Андрей Дмитриевич – лишь один из многих, кто так неудачно вошёл в историю, кого сумели вписать в чёрные, разрушительные планы.

А вот Александра Александровича в таковые планы вписать не удалось – потому и жизнь его, как и многих других, неподатливых и упрямых, была оборвана так рано, – в 54 года.

Кстати, цифра сия – очень любопытна и ещё ждёт своего исследователя: на этой же роковой черте оборвалась и жизнь прежнего товарища и соратника Александра Александровича, ставшего его серьёзнейшим оппонентом и едва ли не противником – Владимира Ильича Ульянова-Ленина; та же цифра подвела черту и под жизнью другого крупнейшего отечественного деятеля – царя Ивана Васильевича по прозванию Грозного… сей перечень, позволяющий предположить существование больших знатоков человеческого общества, за ним надзирающих, можно продолжать…


***

Выделенное в предыдущей цитате – всеобщая организационная наука, тектология, разработкой которой Богданов-Малиновский занимался большую часть своей жизни. Замысел коей науки развит в – «модных» нынче – системном анализе (создание которого, как и огромное множество других отечественных достижений и открытий, приписывают иностранцу, канадцу фон Берталанфи), кибернетике («отцом» коей назначен Винер) и ряде других научных дисциплин – по-прежнему чрезмерно специализированных и обособленных, о недопустимости чего многократно говорил А. А. Малиновский.

«Красная звезда» – фантастический роман Богданова-Малиновского, послуживший своеобразным катализатором и для чуть позже написанной «Аэлиты» А. Толстого, и хорошим фундаментом для произведений И. А. Ефремова, – содержит многочисленные вкрапления идей, наблюдений, тезисов из сего огромнейшего и грандиознейшего по замыслу труда мыслителя.

Например, его размышления о языках (от имени землянина, доставленного на Марс в качестве своеобразного посредника для намеченного контакта между двумя человечествами):


«Разумеется, я с первых же дней принялся за изучение их родного языка… … Язык этот очень оригинален; и, несмотря на большую простоту его грамматики и правил образования слов, в нём есть особенности, с которыми мне было нелегко справиться. Его правила вообще не имеют исключений, в нём нет таких разграничений, как мужской, женский и средний род; но рядом с этим все названия предметов и свойств изменяются по временам. Это никак не укладывалось в моей голове.

– Скажите, какой смысл в этих формах? – спрашивал я Нэтти.
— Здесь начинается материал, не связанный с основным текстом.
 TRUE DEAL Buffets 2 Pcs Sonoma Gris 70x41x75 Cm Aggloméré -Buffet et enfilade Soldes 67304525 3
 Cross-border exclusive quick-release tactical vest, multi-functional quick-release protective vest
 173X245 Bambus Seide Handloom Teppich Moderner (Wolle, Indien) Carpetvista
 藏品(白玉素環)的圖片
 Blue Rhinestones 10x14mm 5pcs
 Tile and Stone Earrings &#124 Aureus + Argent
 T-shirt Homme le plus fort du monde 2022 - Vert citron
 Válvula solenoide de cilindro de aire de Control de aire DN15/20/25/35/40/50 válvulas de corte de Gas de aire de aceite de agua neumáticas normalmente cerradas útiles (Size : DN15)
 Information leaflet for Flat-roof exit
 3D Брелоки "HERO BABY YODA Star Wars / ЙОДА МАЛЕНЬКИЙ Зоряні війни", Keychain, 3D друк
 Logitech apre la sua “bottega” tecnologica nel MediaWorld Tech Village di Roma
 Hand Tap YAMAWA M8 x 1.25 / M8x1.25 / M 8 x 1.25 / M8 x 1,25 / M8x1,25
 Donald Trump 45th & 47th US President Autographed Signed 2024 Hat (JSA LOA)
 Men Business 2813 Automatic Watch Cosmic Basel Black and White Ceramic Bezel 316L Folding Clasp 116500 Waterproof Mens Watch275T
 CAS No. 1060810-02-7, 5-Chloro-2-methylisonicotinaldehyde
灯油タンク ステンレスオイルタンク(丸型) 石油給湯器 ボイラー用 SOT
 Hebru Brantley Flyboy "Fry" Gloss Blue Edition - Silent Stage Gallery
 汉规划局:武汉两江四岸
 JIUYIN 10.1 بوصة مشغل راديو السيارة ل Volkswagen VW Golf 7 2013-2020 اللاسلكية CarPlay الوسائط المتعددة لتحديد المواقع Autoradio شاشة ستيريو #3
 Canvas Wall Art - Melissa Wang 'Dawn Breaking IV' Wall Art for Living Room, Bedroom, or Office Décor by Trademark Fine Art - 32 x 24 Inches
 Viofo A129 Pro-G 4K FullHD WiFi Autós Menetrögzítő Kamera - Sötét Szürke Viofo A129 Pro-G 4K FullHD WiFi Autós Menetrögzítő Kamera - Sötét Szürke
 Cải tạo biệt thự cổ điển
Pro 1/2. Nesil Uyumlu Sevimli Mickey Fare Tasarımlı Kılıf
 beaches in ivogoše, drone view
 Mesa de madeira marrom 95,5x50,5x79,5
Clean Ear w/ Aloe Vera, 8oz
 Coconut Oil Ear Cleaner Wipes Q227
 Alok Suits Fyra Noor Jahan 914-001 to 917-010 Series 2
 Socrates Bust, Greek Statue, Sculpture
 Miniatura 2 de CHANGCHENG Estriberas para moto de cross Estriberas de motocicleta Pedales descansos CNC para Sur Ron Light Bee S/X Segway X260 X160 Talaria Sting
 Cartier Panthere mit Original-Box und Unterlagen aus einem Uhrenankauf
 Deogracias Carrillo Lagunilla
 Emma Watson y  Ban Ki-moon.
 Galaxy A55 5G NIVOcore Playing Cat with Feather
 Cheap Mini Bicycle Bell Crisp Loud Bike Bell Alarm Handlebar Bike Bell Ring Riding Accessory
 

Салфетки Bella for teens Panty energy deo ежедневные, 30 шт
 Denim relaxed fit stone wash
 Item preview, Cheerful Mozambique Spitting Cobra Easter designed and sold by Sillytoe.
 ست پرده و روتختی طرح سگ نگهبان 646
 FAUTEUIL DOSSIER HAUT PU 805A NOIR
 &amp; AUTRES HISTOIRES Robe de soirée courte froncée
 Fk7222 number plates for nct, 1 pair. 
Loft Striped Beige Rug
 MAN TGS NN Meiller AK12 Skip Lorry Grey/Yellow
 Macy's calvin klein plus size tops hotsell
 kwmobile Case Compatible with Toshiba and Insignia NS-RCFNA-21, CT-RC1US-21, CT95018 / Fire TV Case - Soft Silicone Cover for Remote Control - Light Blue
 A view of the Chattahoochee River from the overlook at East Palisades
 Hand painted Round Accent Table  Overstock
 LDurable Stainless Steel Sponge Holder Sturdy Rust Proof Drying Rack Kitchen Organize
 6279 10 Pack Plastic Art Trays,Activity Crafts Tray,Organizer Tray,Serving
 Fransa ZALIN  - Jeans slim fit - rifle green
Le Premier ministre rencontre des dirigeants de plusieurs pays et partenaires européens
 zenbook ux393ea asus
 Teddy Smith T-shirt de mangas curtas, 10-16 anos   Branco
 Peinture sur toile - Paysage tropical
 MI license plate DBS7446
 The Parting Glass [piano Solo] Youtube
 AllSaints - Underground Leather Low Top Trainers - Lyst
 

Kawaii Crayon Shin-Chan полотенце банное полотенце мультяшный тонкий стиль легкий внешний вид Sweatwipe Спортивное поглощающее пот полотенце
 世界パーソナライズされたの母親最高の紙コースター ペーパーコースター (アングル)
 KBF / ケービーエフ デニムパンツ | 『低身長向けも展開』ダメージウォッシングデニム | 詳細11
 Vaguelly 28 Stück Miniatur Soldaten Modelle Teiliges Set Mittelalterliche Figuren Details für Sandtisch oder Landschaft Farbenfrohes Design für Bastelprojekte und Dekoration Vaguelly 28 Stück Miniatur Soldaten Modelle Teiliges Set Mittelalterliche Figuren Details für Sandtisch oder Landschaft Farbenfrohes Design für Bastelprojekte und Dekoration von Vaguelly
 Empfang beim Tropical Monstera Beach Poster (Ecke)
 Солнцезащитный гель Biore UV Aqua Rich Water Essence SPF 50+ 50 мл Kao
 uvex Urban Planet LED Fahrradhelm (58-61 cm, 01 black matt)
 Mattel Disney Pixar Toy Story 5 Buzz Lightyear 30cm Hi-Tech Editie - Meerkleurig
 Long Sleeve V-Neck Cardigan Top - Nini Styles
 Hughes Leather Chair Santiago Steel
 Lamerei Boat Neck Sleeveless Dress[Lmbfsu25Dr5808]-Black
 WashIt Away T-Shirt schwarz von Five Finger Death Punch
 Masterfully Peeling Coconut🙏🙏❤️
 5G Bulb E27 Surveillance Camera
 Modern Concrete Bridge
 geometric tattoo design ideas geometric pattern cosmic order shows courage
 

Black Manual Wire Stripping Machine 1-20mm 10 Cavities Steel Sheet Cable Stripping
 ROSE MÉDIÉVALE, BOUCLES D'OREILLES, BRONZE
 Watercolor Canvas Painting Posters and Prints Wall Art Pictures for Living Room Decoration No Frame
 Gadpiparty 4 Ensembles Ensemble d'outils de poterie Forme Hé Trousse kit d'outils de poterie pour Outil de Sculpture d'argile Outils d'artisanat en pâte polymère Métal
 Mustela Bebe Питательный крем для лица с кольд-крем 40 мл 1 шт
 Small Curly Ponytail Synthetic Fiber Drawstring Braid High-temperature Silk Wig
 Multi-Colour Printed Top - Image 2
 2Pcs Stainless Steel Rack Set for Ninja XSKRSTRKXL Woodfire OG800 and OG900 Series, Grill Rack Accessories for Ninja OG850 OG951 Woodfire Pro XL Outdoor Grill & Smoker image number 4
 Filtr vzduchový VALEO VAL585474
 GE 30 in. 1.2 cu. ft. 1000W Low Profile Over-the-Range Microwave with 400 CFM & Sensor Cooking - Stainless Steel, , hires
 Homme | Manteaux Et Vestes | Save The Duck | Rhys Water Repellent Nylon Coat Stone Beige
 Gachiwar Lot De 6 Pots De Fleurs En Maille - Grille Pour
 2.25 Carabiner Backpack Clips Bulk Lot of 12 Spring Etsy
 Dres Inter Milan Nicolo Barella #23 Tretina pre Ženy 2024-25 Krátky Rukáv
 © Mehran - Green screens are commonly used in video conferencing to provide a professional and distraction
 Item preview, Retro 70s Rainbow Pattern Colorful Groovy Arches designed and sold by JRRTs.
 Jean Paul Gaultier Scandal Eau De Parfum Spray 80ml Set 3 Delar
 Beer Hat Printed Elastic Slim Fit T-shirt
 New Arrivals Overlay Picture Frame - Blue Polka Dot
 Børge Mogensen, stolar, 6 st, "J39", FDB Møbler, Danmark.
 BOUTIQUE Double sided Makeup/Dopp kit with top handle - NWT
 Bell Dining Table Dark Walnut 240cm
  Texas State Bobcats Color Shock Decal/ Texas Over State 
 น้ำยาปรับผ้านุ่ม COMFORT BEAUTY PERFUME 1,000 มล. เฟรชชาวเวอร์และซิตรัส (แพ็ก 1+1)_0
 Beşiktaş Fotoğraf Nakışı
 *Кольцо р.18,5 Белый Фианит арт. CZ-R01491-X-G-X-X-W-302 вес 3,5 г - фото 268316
– Неужели вы не понимаете? А между тем в ваших языках, называя предмет, вы старательно обозначаете, считаете ли вы его мужчиной или женщиной, что, в сущности, очень неважно, а по отношению к неживым предметам даже довольно странно. Насколько важнее различие между теми предметами, которые существуют, и теми, которых уже нет, или теми, которые ещё должны возникнуть. У вас «дом» – «мужчина», а «лодка» – «женщина», у французов это наоборот, – и дело от того нисколько не меняется. Но когда вы говорите о доме, который уже сгорел или который ещё собираетесь выстроить, вы употребляете слово в той же форме, в которой говорите о доме, в котором живёте. Разве есть в природе большее различие, чем между человеком, который живёт, и человеком, который умер, – между тем, что есть, и тем, чего нет? Вам нужны целые слова и фразы для обозначения этого различия, – не лучше ли выражать его прибавлением одной буквы в самом слове?..»


Такого же – встроенного, неотделимого от остального текста – характера размышления о языках, их происхождении и развитии, и в фундаментальном труде Александра Александровича «Тектология. Всеобщая организационная наука» (в частности, в издании книжной редакции «Финансы», Москва, 2003 г., означенные темы затронуты в подглавках «Народная тектология», сс.46—47, и «Конъюгация диалектов и языков», сс.228—230).